Long story short, after a long, unrequited infatuation, Burnett’s come down with a heavy case of the repentant chavista blues. For the last few weeks, his blog has turned into one long gripe about the revolution’s economic policies, its idiot defense of an absurdly over-valued currency, the general insouciance of its spokesmen and the utter absence of anything that could be considered a long-term development and diversification strategy. He sums up his new position saying,

A different government, WITH ITS HEART IN EXACTLY THE SAME PLACE, but with its feet planted firmly on the ground could do much, much better both for Venezuelans and the Left internationally. [emphasis his.]

You’d think I’d be happy about all this, and certainly I can’t hide a certain schadenfreudish frisson at his belated jolt of sanity.

But as I read his recent posts more closely, I can’t shake the feeling that, deep down, Burnett still doesn’t get it. His impassioned critique of chavista economic bumbling comes in a political void, divorced from any kind of critical evaluation of the way the politics of the Chávez era made it not just entirely predictable but ultimately inevitable.

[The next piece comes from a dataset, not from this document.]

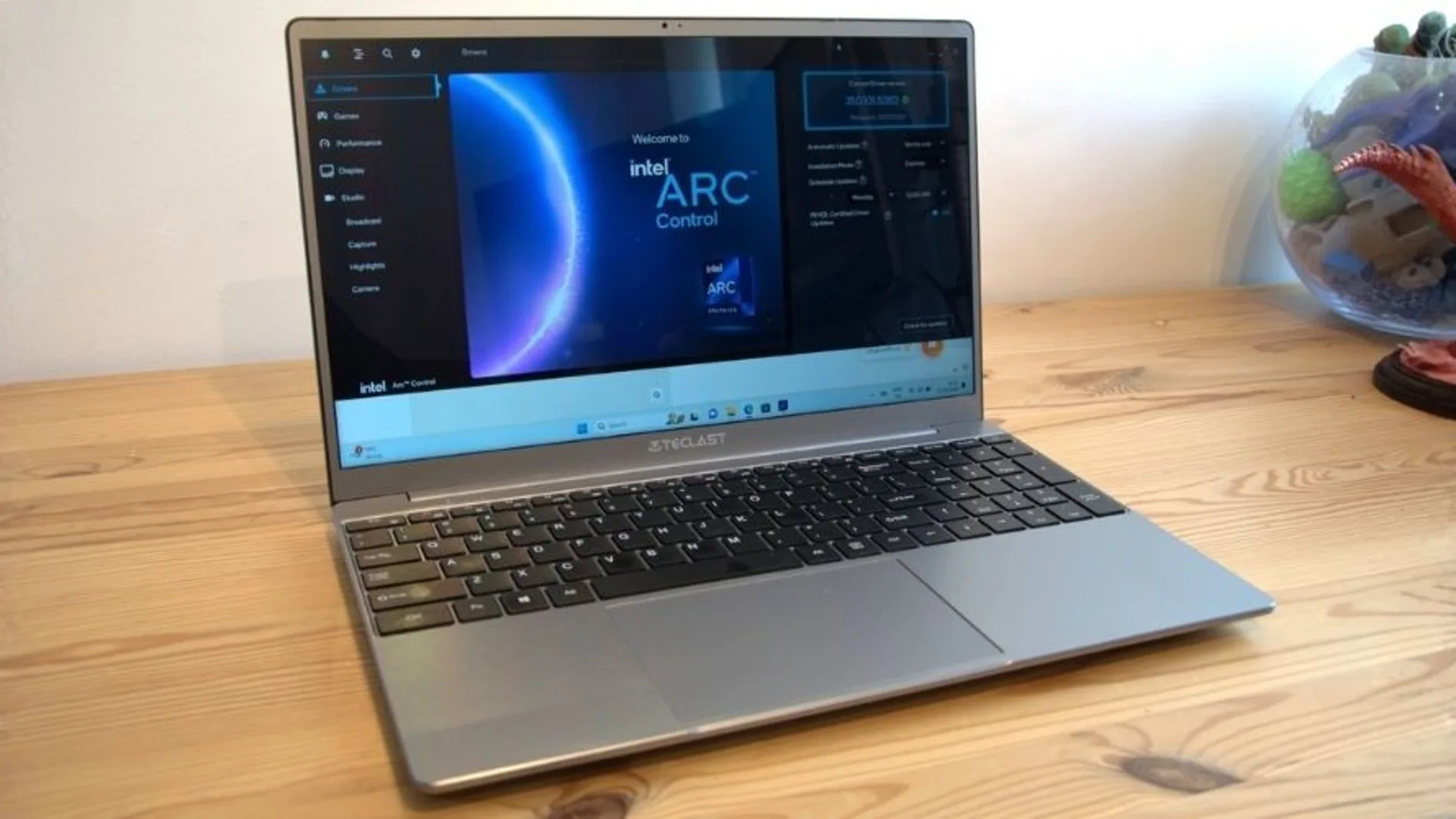 Teclast F16 Pro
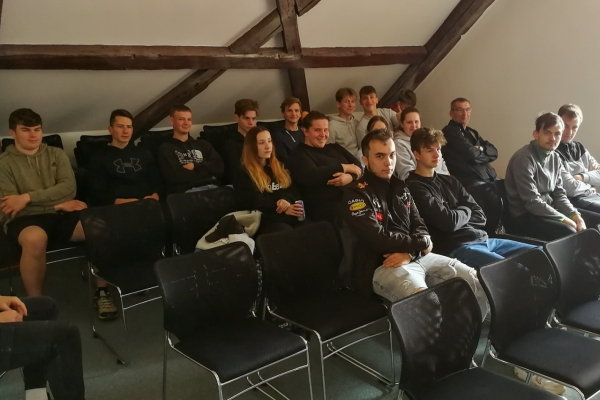 O mikrořasách se studenty SŠVR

As far as I can tell, Dan doesn’t write much about politics, preferring to concentrate on what he sees as the more consequential matters of longer term development strategy. Any acknowledgment of Chávez cult of personality is thin on the ground over at OilWars. When, rarely, they do come, they come heavily hedged with ritual bowing toward the leader’s great charisma, determination and dynamism. For Burnett, the economic gríngo-la is well and truly off; the political one is still firmly in place.

Hugo Chávez equates dissent with treason. He has made promotion within the Bolivarian political establishment wholly dependent on continual shows of unconditional obedience. He’s instituted a militaristic leadership style where all collaborators, ministers included, are expected merely to implement his orders without question.

Catch him on one of his good days, and Burnett’s even capable of accepting that. It’s the link between that leadership style and the government’s dysfunctional economic policies that seems to elude him.

And yet, it’s clear. The one setting where Freedom of Expression and openness to debate have been most badly eroded in the Chávez era is around the cabinet table. Under Chávez, policies are dictated to ministers, Aló Presidente style, rather than discussed with them. Add to this leadership style the guy’s delirious, near-comical economic illiteracy and the result isn’t really a surprise: misguided, contradictory, short-sighted policies with vague evaluation criteria, little follow up, multiple opportunities for rent-seeking, no long-term coherence and major incentives for ministerial dissembling.

Burnett takes out his frustration over all the silly policy on Chávez’s hapless cabinet ministers, but in doing so he puts on display his legendary abilities for seeing-and-not-seeing, completely missing the point that anybody who shows the independence of mind it would take to tell Chávez his policies make no sense got weeded out of the upper echelons of the chavista establishment long ago.

So it’s absurd to see the government’s economic haplessness as a kind of historical contingency, an accident unrelated to the deep structures of its policy-making practices. When you fully grasp the implications of Chávez’s criteria for promoting people to cabinet level, you realize it couldn’t have gone any other way. Chavista ministers make senseless policies because, under Chávez, only senseless people stand a chance of becoming ministers.

This thought is a bridge too far for Burnett, por ahora.

The guy says he’s burnt out, so he’s taking some time off of blogging. Which, of course, is a sentiment I’ve shared now and then in the past. Sometimes, it takes some time away from the day-to-day to come to grips with painful realizations, with thoughts too long resisted that can no longer be ignored. Maybe, during his break, Dan will put two and two together and start grasping that a leader who demands blind obedience from his collaborators systematically cuts himself off from the mechanisms he would need to correct the mistakes he makes. Maybe, in time, even OW will come to see that under Narcissism Leninism, wrongheaded policies are no accident: they’re an inevitability.